After a long career on Wall Street, Paul Mampilly decided to make his exit as a hedge fund manager. He now shells out investing advice to over 100,000 subscribers of his newsletter Profits Unlimited. During his time on Wall Street he worked for high powered firms such as ING and Deutsche Bank. His many investing successes caught the eye of the leadership of Kinetics Asset Management. They brought him in to manage their hedge fund and he grew it from $6 billion in value to $25 billion. It was after this that he left, tired of helping really wealthy people get even more. Learn more about Paul on

Paul Mampilly says that he was never a great athlete. He didn’t have a natural talent for it and would never stand out as a player. He did practice and play hard, though, including being out on the field alone trying to get better. He ran extra laps and otherwise tried to get better.
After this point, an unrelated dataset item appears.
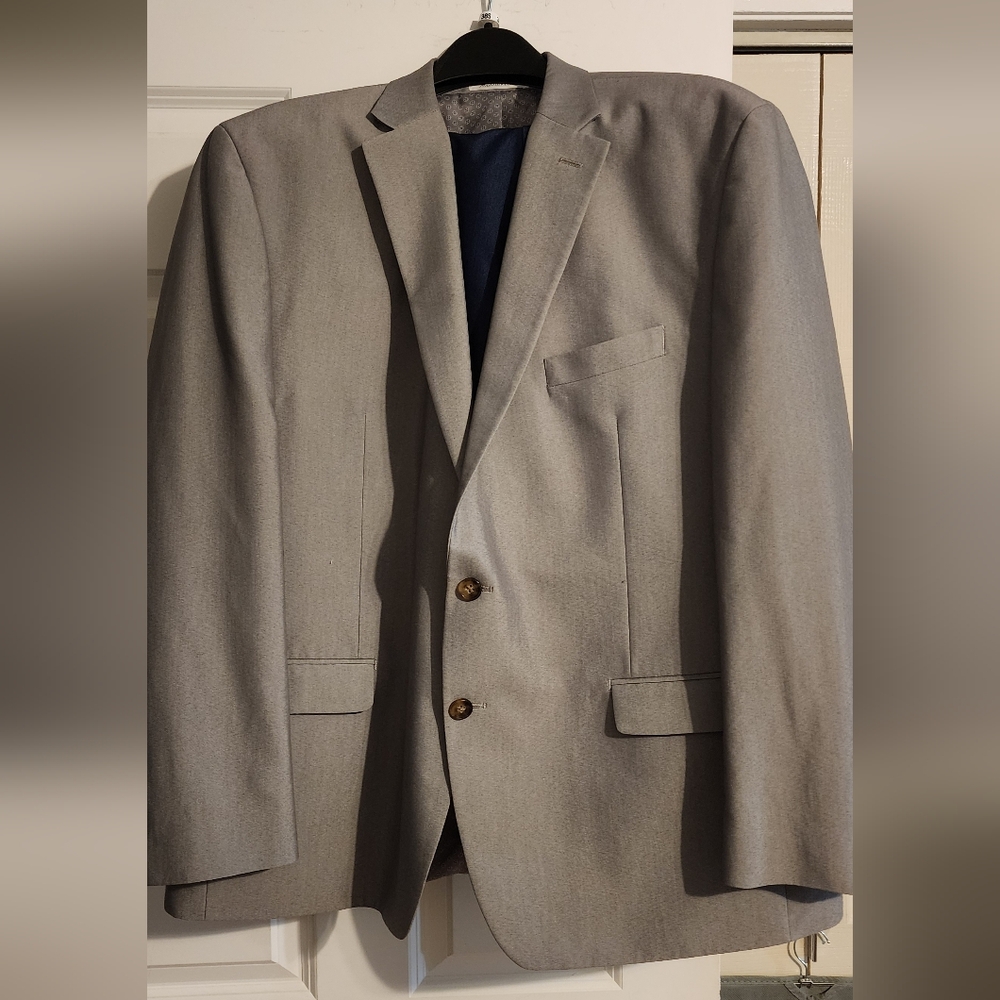 Lauren by Ralph Lauren silver sports coat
He says that even though he was never going to be a sports star he does know investing opportunities when he sees one in the sports industry and associated ones, such as shoes and apparel. Paul Mampilly says that sneakers are the next big investing opportunities. He says people can see this for themselves pretty simply. They just need to Google “Air Jordans” and they’ll see how much in demand they are. There are even websites set up to track the value of sneakers such as

One example he gives of what can be earned with shoes is a pair of Air Jordan 2 Retro “Don C” sneakers. They have achieved a 900% return since they launched. Another pair, the Air Jordan 10 Retro “Double Nickel” sneakers have returned 426%.
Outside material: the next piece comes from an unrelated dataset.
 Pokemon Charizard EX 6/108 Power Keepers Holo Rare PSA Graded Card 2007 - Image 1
It was two decades ago that people began collecting sneakers. It started out with Air Jordan’s and now include other brands such as “LeBrons”. The three biggest firms pumping out these types of shoes are Nike, Puma, and Adidas. These are all multinational firms and they are all doing really well financially. Their stock values have been going up right along with the popularity of their products.

Paul Mampilly has told his readers that this trend is going to continue. There are many millennials who collect shoes. Many have shoes fetishes, he says, which means they will continue to buy the shoes of Puma, Nike, and Adidas. He recommends investing in these companies and seeing great returns as a result.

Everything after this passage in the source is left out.